Benefits of online trading:

Though commodity future trading can be done by calling the brokerage house, there are many benefits that are obtained when a person opens an account for the online commodity future trading. First and foremost, a person is able to get trading opportunities round the clock. This means that during the trading week, i.e. from Monday to Friday, a person can easily make trade during the market hours. Even when the commodity future markets are closed, a person can make a trade by means of after hours. This is possible only when a person has an online commodity future trading account. If the access is provided to other commodity futures market of the world, the person gets the opportunity of online trading in commodity futures round the clock. For example, if a person living in United States open his commodity future account with a brokerage house that provides access to commodity future markets world-wide or say in Europe and Asia, he can virtually trade round the clock, non-stop. Second benefit of online commodity future trading is that these contracts are carried out at government regulated centralized exchanges, thus there is no space for any unfair practice being adopted by the brokerage house.
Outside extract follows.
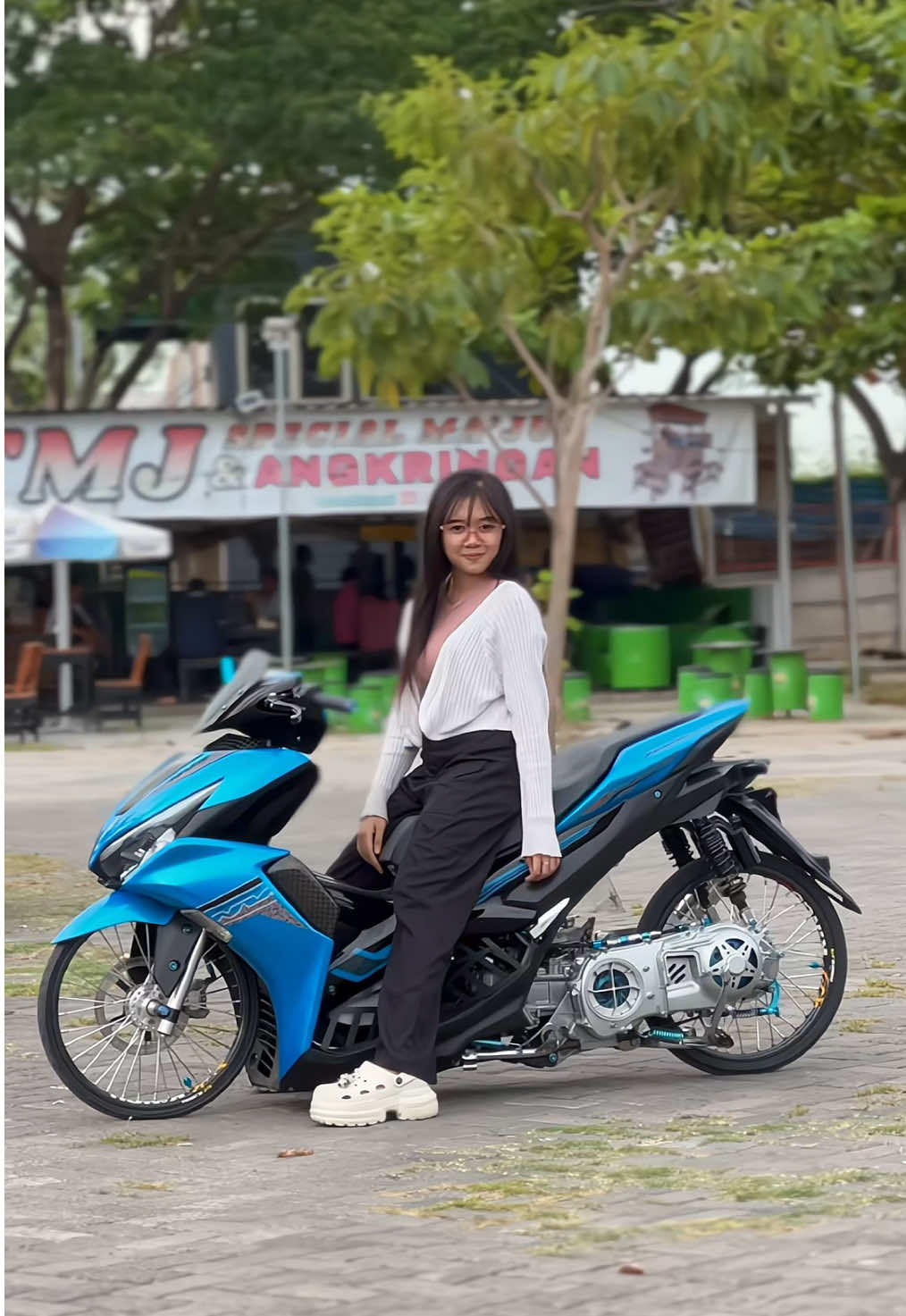 fitur cantik di erox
This confidence is also substantiated by the fact that the commodity exchanges provide necessary guarantee about clearing all the transactions and the buyers and sellers of the online commodity future transactions would be honored in respective ways. Since the centralized exchanges, at which the future trading takes place, are liquid, a person can easily establish as well as offset his different positions pertaining to the commodity futures. When a person applies for an online account for the commodity future trading, he is intimated about all the commodity exchanges where he can make the commodity futures trading. This is very important as a person can decide about the exchanges he desires to trade. If required exchanges are not listed, he can easily contact some other brokerage house. Third advantage of online commodity future trading is that a person can be rest assured about the execution of contract. This is because when done online, all the commodity future trades are executed in a very fast manner. It is really very surprising that a person can easily route the transaction pertaining to the commodity futures to the required destination in less than one second. Fourth advantage of the online commodity future trading is that a person can easily open and close his future positions. In fact, this is the feature that is now attracting more and more number of customers towards the commodity future market as the liquidity has risen to a very good value.

Since there are many brokerage houses that offer commodity future online trading, it is very necessary that a person chooses that source which allows for low margins and provide high leverages.